INSIGHT UPSC QUIZ

GS History Modern India
Q.

With reference to Keshub Chandra Sen, consider the following statements:

1. He brought in an element of radicalism in the Brahmo Samaj.

2. He was instrumental in popularising the movement outside Bengal.

3. He established Sadharan Brahmo Samaj after getting dismissed from Brahmo Samaj.

Which of the statement(s) given above is/are correct?

Explanation:

Statement 1 is correct. Sen was made the acharya by Debendranath Tagore soon after the former joined the Samaj in 1858. He brought in an element of radicalism into the movement, by attacking caste system, by focusing on the question of women's rights, by promoting widow remarriage and inter-caste marriages, cosmopolitanisation of the Samaj's meetings by inclusion of teachings from all religions and by raising the issue of caste status of the Brahmo preachers, a position hitherto reserved for the Brahmans alone. He renewed the attention to the social reforms. But this radicalism also brought first rift within the Brahmo movement.

Statement 2 is correct. The Movement was actually taken out of the limited elite circles of Calcutta literati into the district towns of East Bengal by Sen and Bijoy Goswami. Sen's specific focus was to reach larger number of non-Westernised Bengalis in the eastern Gangetic plains and to take the movement outside Bengal to United Provinces, Punjab, Bombay, Madras etc.

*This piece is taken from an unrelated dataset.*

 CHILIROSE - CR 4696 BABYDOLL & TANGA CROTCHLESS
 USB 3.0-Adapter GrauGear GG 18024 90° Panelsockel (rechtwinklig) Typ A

Statement 3 is incorrect. After dismissal from the Brahmo Samaj, Sen founded the Brahmo Samaj of India along with his followers in 1866, while Debendranath's Samaj came to be known as Adi (original) Brahmo Samaj. In 1878, Sen's inexplicable act of getting his thirteen year old daughter married with the minor Hindu Maharaja of Cooch-Behar with all the orthodox Hindu rituals cause another split in Sen's Brahmo Samaj of India. After 1878, the disgusted followers of Sen set up a new organisation, the Sadharan Brahmo Samaj. By this time successive ideological rifts and organisiational divisions had weakened the Brahmo movement, confining it to the small elite group. And then it succumbed to a neo- Hindu aggressive campaign for "revivalism", rather than "reformism", as a bold assertion of Hindu identity. These developments signified the perennial dilemmas of Indian modernisation, which continued to be rooted in Indian traditions.